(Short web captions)
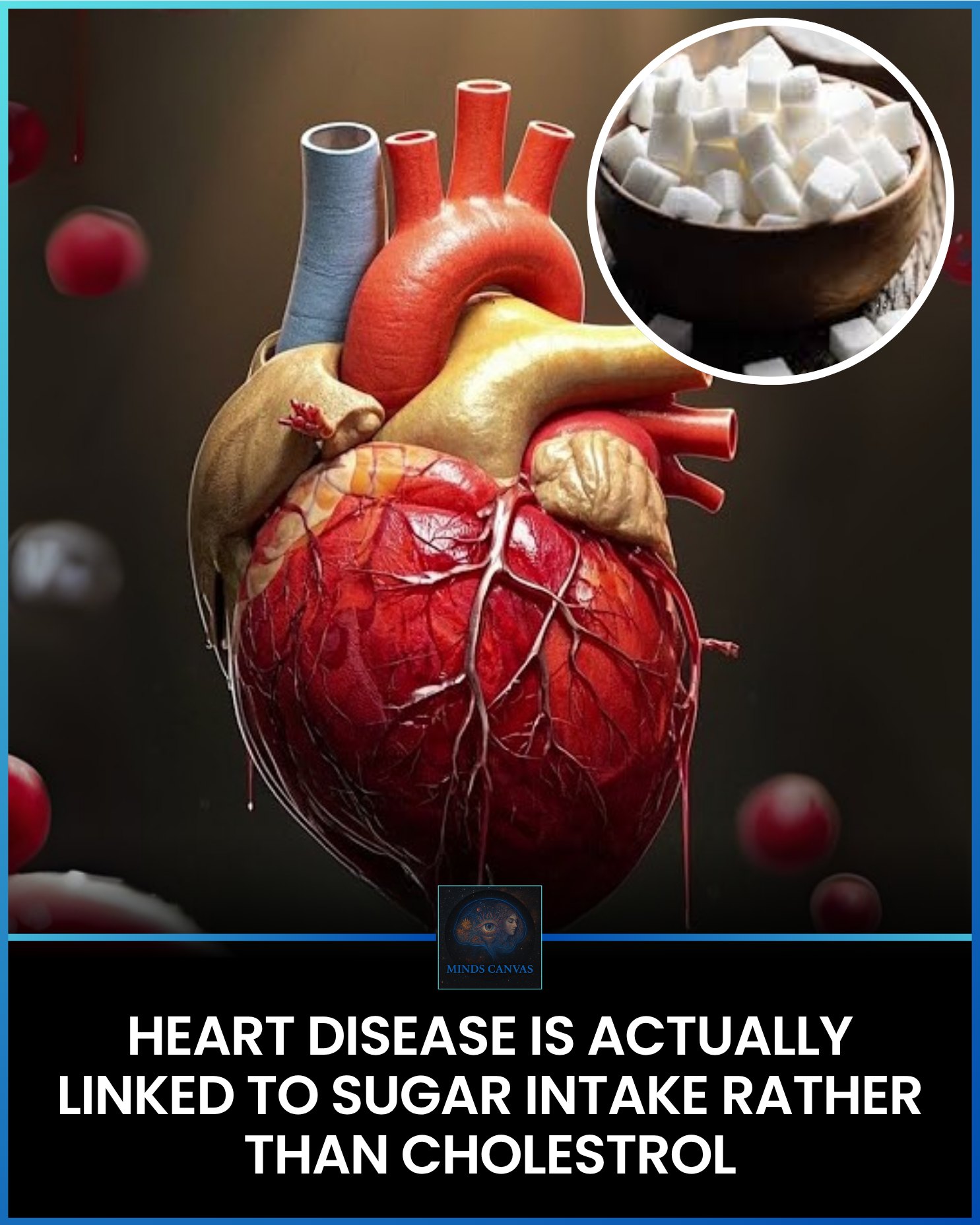 The Sweet Deception: How Sugar, Not Just Cholesterol, Fuels Heart Disease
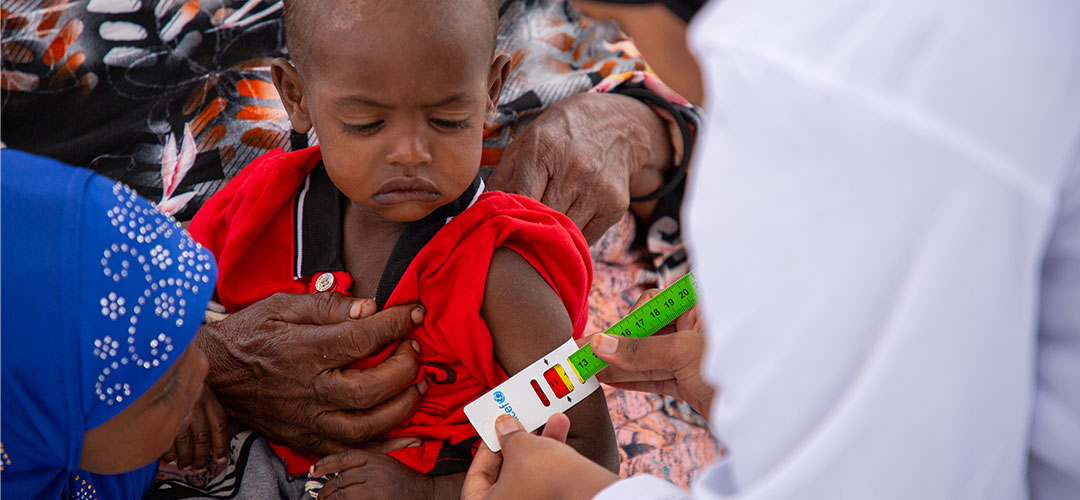 © Mustafa Saeed / Save the Children Ein kleiner Junge wird mithilfe eines MUAC-Bandes auf Mangelernährung untersucht.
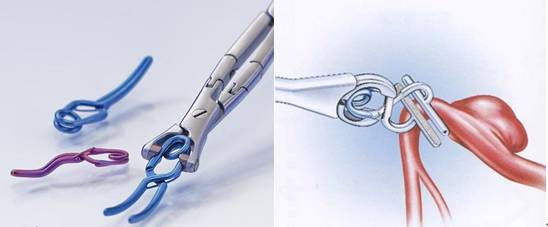 牙齿有金属填充物能不能做磁共振,做磁共振身上带金属会伤害身体吗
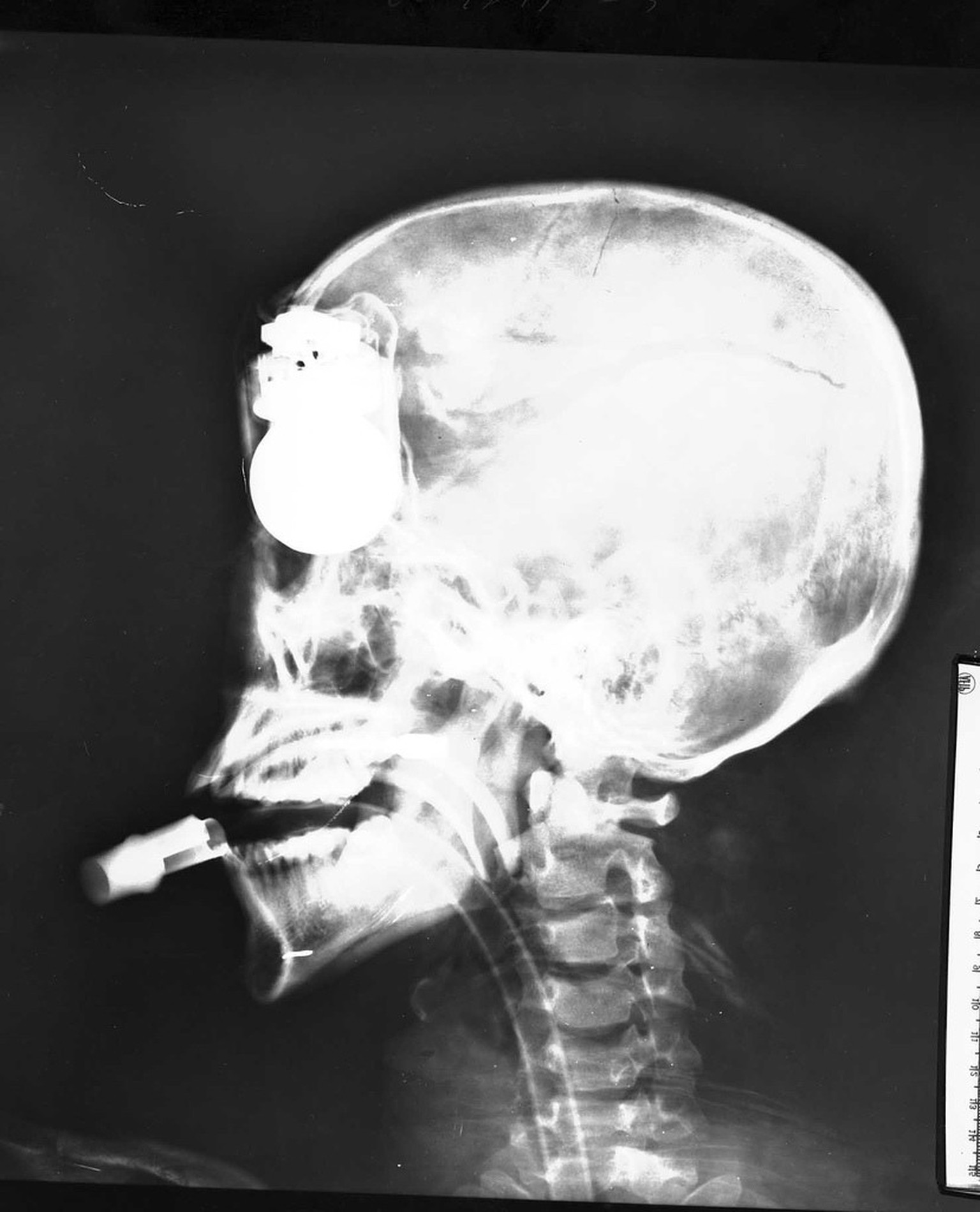 Über dieses Bild wird nur spekuliert: Der Sage nach ist es eine Röntgenaufnahme aus dem Vietnamkrieg. Dem Soldaten sei die Handgranate bei einer Explosion in den Schädel geschlagen worden. Über den Ve ...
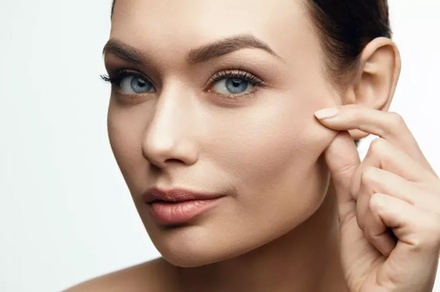 Two PDO Thread Lifts for Mid-Face Area with One Barbed Thread/Side - Perfect Med Spa Long Island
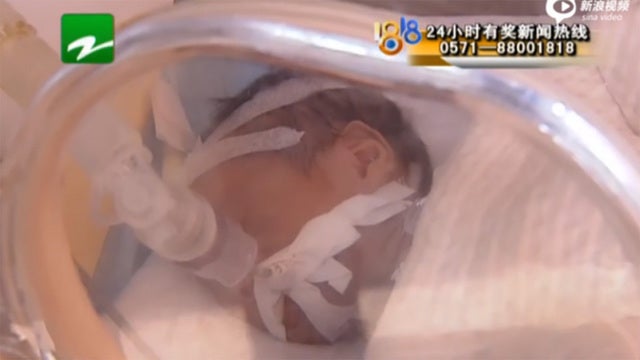 Baby who was declared dead wakes up just before he's to be cremated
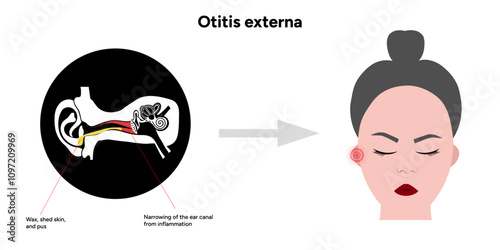 Otitis externa anatomy ear disease inflammation 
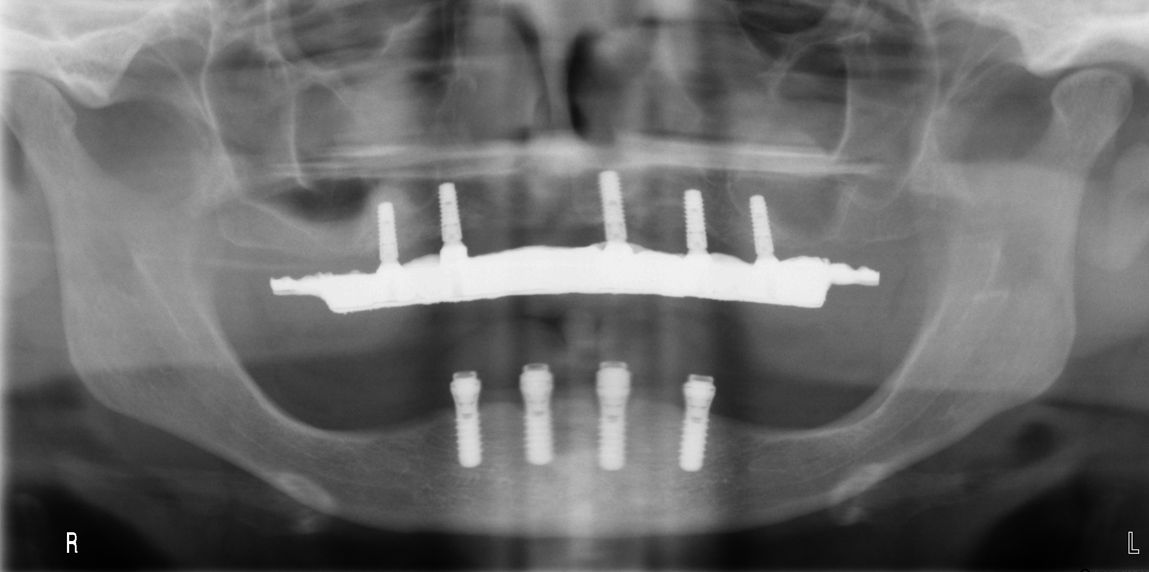 fig. 17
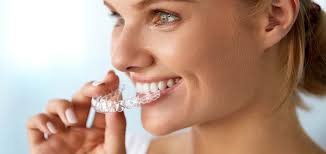 Invisalign Clear Aligners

**Work instruction**
What is the exact wording of the lines from the one bearing "Two PDO Thread" through the final line of the records above? Write it out without the pictures.

**Answer**
 Two PDO Thread Lifts for Mid-Face Area with One Barbed Thread/Side - Perfect Med Spa Long Island
 Baby who was declared dead wakes up just before he's to be cremated
 Otitis externa anatomy ear disease inflammation 
 fig. 17
 Invisalign Clear Aligners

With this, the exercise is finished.